If the indicators do not change much after landing, they may have special influencing factors and need to adjust the model in a targeted manner, and if the indicators become worse after landing, it may be difficult for them to use AI to automate replenishment and require manual intervention.

How do we distinguish these batches? At the outset, we thought that the first batch of products to land would need to meet the following criteria:

Sales volume continued to be stable
The accuracy of AI predictions continues to be good
The forecast error is consistently stable

After actual practice, it is found that although these products can perform well after the model is landed, there is not much room for optimization compared with manual work. After reflection, we found that we have entered a misunderstanding, these filters point to products with stable sales and good performance of the forecasting model, and although these products can be handled well by the replenishment model, the human can also cope well.

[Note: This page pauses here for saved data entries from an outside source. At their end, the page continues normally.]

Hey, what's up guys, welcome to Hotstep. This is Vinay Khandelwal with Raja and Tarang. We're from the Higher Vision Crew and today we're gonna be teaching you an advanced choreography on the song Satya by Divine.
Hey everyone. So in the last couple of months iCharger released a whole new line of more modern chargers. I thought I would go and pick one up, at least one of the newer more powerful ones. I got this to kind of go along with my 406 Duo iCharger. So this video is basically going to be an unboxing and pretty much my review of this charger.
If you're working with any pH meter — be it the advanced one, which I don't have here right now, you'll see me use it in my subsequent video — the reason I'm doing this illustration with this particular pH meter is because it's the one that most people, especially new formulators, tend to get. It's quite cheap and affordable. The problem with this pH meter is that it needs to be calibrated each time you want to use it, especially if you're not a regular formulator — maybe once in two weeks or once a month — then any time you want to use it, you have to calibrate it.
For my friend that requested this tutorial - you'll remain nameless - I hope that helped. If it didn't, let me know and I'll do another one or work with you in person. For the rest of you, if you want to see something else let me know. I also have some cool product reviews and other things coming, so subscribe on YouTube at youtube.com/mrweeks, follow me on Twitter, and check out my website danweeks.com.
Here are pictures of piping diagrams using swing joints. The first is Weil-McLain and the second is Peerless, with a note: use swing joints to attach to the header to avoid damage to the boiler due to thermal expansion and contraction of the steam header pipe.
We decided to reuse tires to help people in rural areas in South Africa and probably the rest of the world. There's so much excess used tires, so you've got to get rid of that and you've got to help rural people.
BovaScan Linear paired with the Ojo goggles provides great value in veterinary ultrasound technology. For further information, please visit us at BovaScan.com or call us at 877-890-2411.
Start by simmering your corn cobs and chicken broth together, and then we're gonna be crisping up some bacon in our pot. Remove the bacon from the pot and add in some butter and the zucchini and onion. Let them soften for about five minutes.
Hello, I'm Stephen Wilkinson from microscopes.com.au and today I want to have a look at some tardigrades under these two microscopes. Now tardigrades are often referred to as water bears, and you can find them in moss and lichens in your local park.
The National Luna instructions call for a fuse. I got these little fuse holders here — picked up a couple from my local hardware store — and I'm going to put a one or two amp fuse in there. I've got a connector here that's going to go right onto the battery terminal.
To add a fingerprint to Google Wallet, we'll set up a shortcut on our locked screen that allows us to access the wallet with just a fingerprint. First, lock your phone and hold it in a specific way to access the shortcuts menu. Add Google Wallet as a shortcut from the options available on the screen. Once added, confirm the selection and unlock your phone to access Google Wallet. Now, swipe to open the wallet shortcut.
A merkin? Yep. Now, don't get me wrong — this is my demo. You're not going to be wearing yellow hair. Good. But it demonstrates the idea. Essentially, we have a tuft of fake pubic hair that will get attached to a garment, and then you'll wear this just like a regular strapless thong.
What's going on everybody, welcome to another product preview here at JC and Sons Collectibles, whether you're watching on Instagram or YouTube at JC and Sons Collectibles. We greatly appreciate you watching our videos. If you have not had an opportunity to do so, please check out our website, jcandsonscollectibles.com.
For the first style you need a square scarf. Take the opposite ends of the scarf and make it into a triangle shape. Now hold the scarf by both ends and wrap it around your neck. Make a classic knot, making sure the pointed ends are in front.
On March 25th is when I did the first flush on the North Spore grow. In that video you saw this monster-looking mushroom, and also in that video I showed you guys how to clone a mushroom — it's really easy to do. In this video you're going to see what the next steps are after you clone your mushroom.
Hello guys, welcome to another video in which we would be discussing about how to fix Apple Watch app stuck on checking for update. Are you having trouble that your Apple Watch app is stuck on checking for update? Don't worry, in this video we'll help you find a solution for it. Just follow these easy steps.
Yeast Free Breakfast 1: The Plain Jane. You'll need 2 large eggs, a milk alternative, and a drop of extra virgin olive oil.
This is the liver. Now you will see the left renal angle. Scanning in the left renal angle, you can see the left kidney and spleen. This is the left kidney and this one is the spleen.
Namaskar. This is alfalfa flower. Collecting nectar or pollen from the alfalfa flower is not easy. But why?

On the contrary, for products whose sales are not stable and it is not easy for manual workers to make predictions, the prediction model can actually make fewer mistakes than manual labor through the learning of similar scenarios and the decision-making model through precise calculation, so as to obtain better optimization potential. Isn't AI all about finding certainty in uncertainty to help people make better decisions?

Therefore, we propose a simulation-based online access mechanism.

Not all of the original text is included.